Advanced e-business activity – significant impact on business processes

“Advanced” e-business means that companies can exchange data electronically with suppliers or customers based on e-business standards. This is the precondition that allows ICT systems to automatically process data (without having to manually key them into the system).

Taking the step from basic to advanced e-business must, however, be well planned and is not without challenges. For most companies, this innovation has significant organizational and financial implications.

Implementing an advanced e-business system may need new, advanced, ICT systems such as ERP (Enterprise Resource Planning) and SCM (Supply Chain Management)systems; implementation of organizational standards and new ways of organizing business data whilst making sure that the new systems are aligned with their actual business processes.

E-Business transformation – new business models and value chains

ICT has affected some business sectors more than others, in particular the ICT services industry, tourism, financial services, publishing and the logistics industry. In these industries, the role of ICT and e-business goes far beyond improving process efficiency.

ICT, and in particular the internet, have had a profound impact on value chains, including the emergence of new players. Many companies have to adapt their business model in order to stay in business.

In tourism, for example, the internet makes it possible for service providers to interact directly with tourism customers, which puts enormous pressure on traditional market intermediaries (travel agencies and tour operators).
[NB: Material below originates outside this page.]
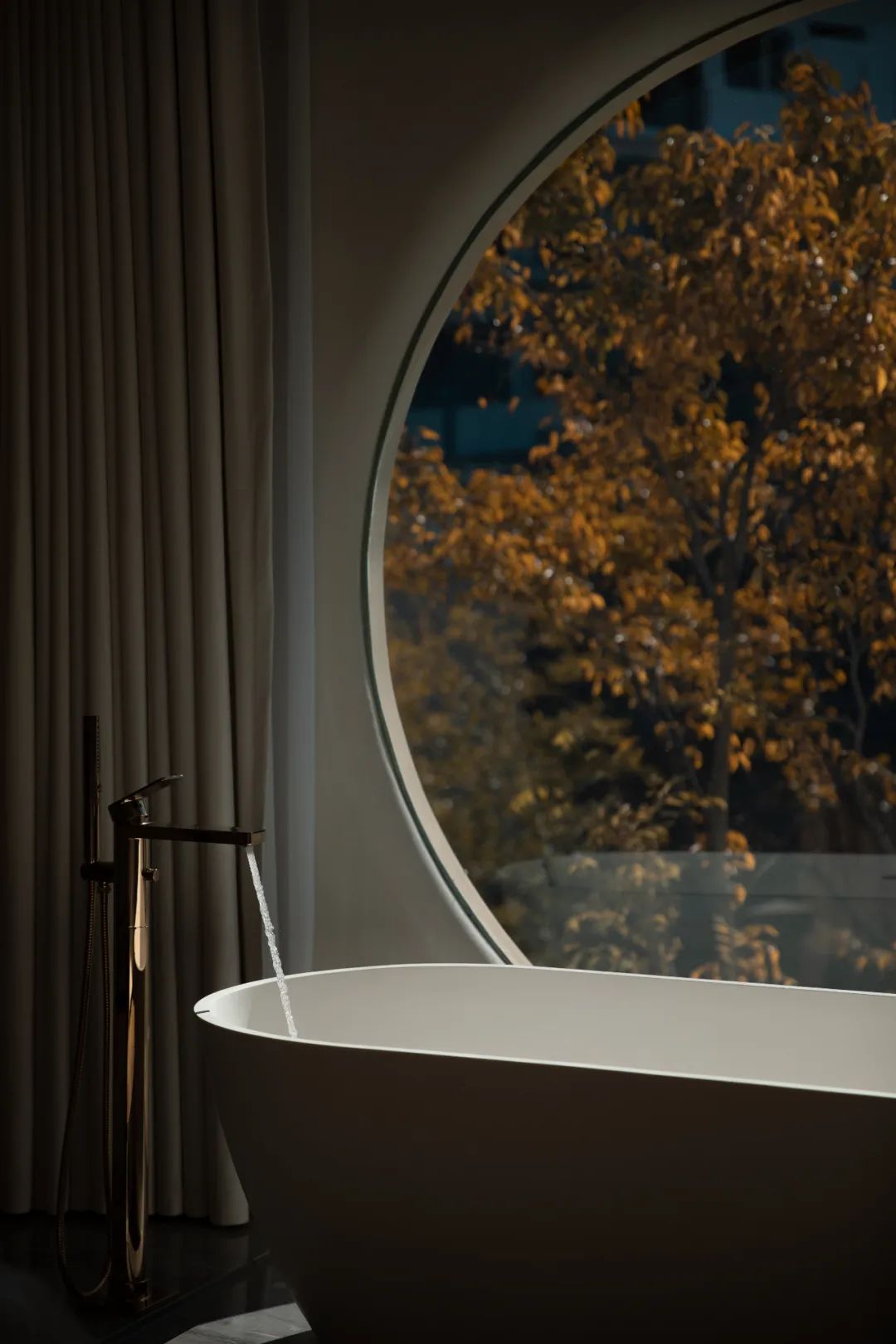 大理空院子设计师度假酒店,大理海景设计酒店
At the same time, the internet facilitates market entry, as players can operate exclusively online. In publishing, the advertising and sales revenues of newspaper publishers are decreasing as many young people of the “internet-generation” do not subscribe to a printed newspaper. Convergence of services, multi-channel publishing and the offer of mobile services are some of the catchwords that attempt to give a concrete character to future developments in this sector.

E-business presents opportunities and challenges for all business models. Reducing the threats to your business whilst increasing the opportunities will depend on a myriad of factors within the business and externally, either from competition or the market.

e-business challenges

Lack of ICT and e-business skills

Smaller firms sometimes lack a coherent ICT investment strategy or the related skills – partly because of the relatively high cost of employing ICT practitioners. ICT strategy and implementation critically depends on the respective skills of the management. The speed of developments in this field adds to the challenge.
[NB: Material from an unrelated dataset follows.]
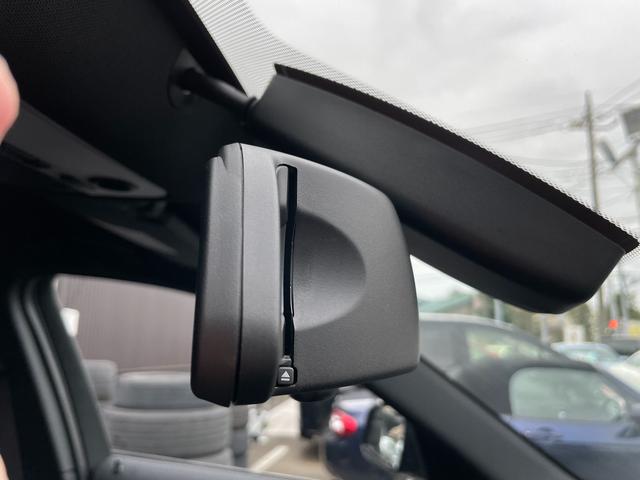 Ｘ１ ｓＤｒｉｖｅ　１８ｉ　Ｍスポーツ　パーキングサポートＰＫＧ・車検２年・禁煙・バックカメラ・純正ナビ・Ｂｌｕｅｔｏｏｔｈ・コーナーセンサー・プッシュスタート・ＨＩＤ・スマートキー・ＥＴＣ（46枚目）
Complying with different ICT requirements.

Although large companies tend to be supportive of SMEs, they can use their power to impose ICT standards and systems upon small supply companies. In B2B exchanges, small firms may therefore be forced to comply with different systems in parallel.

Rising customer expectations

In the internet era, customers increasingly expect to be offered a wide range of information and services online. It can be a challenge for smaller companies to meet these service levels.

e-business opportunities

Access to international markets.

E-Commerce is an opportunity for many smaller companies to do expand their market area. In order to exploit what can be a very rewarding opportunity; SMEs need to invest in planning, ICT systems, training and implementation of standards.

ICT usage facilitates cooperation.

SMEs need to cooperate, for example by building networks. ICT usage facilitates cooperation in many ways (e.g. through project management tools, or online collaboration tools for design).

Affordable ICT solutions.

ICT vendors and user communities have developed more and better solutions which are targeted to the needs of SMEs in recent years, for example smaller-sized ERP and CRM software packages and free to use or GNU license enterprise software packages. Costs are no longer the main barrier.

Support from large firms.

The economic impact of any communication technology depends critically on the number of users connected. Large companies therefore have a strong incentive to connect with their smaller trading partners in order to reap the full benefits of e-business.